The tweet was attached with an image of a floating cherry-red Tesla sports car with a space-suited mannequin strapped in the driver’s seat and the Earth hanging behind it. 

There’s a tiny chance that the $100,000 Tesla Roadster — with a message “Don’t Panic” damped on the dashboard and a David Bowie soundtrack playing on a loop — might one day bumped into aliens, but if it does the text printed on its circuit board “Made on Earth, by humans” would help them figure it out where it came from.

However, the question remains.

How did SpaceX put a car into the orbit around Earth?

The word for a SpaceX Falcon Heavy, the world’s largest rocket, was first put out almost seven years ago.

In a press release, dated April 5, 2011, it was revealed Falcon Heavy has the ability to carry satellites or interplanetary spacecraft weighing over 53 metric tons or 117,000 pounds to orbit.

A rocket capable of carrying a payload over 20 metric tonnes is classified under the Heavy-Lift Launch Vehicle (HLLV) category. The rocket must carry its package up to at least 160km above the surface and achieve an orbit, requiring speeds above 8,000 metres per second.

By 2018, its ability to carry weight was upgraded to 64 metric tons.

64 metric tons is more than the maximum take-off weight of a fully-loaded Boeing 737-200 with 136 passengers. In other words, Falcon Heavy can deliver the equivalent of an entire commercial airplane full of passengers, crew, luggage and fuel all the way to orbit.

According to SpaceX, Falcon Heavy can lift more than twice the payload of the next closest operational vehicle, the Delta IV Heavy, which is operated by United Launch Alliance, a Boeing-Lockheed Martin joint venture, at one-third the cost.

The Musk’s space company had set an eye on late 2013-2014 for the rocket’s first launch.

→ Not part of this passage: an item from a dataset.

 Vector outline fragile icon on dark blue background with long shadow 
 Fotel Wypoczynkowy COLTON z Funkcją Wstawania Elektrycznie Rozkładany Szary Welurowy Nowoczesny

However, the launch got delayed on numerous occasions. 

On February 6, the Falcon Heavy rocket lifted off from Launch Complex 39A at Kennedy Space Center in Florida, leaving behind orange flames. The entire space industry was watching the launch with anticipation, giving it a countdown, and then as it succeeded Elon Musk’s tweet about the car in the space came out. 

The Falcon Heavy achieved this by using three rockets — three SpaceX’s smaller Falcon 9 rockets essentially strapped together to form the world’s powerful rocket. As it blasted off from the launchpad, two rockets separated after the completion of stage one of the launch. While the final rocket moved forward, with the Tesla Roadster in its upper stage. 

The Roadster spent hours zapped by radioactive rays in the Van Allen belts. After that the upper stage boosters fired one last time, pushing the Tesla out into space. 

The third rocket, however, overshot the trajectory and the car went for an extra long drive than it was originally planned for. 

The car had been intended to take a path around the Sun which would take it out into Mars, and orbit for a billion years. But it “exceeded Mars orbit and kept going to the asteroid belt” between Mars and Jupiter. 

Back on Earth, the two rockets, separated during the first stage from the core booster, safely returned to landing pads at the Kennedy Space Center. While the third, which was supposed to land on a barge in the Atlantic, crashed in the ocean at 300mph, “showering the deck with the shrapnel”.

What’s the sports car's fate? 

Experts fear that even if the car would be able to avoid collisions with solid objects in space, in long run, the space radiations will surely tear it apart. 

“Even if the car avoids any major collisions, over very long time horizons, it's unlikely the vehicle could avoid the kind of collisions with micrometeorites that leave other space junk riddled with craters over time. But assuming those collisions don't completely tear the car apart, the radiation will,” William Carroll, professor of chemistry at Indiana University, told livescience.com. “As the bonds break, the car can literally fall apart.”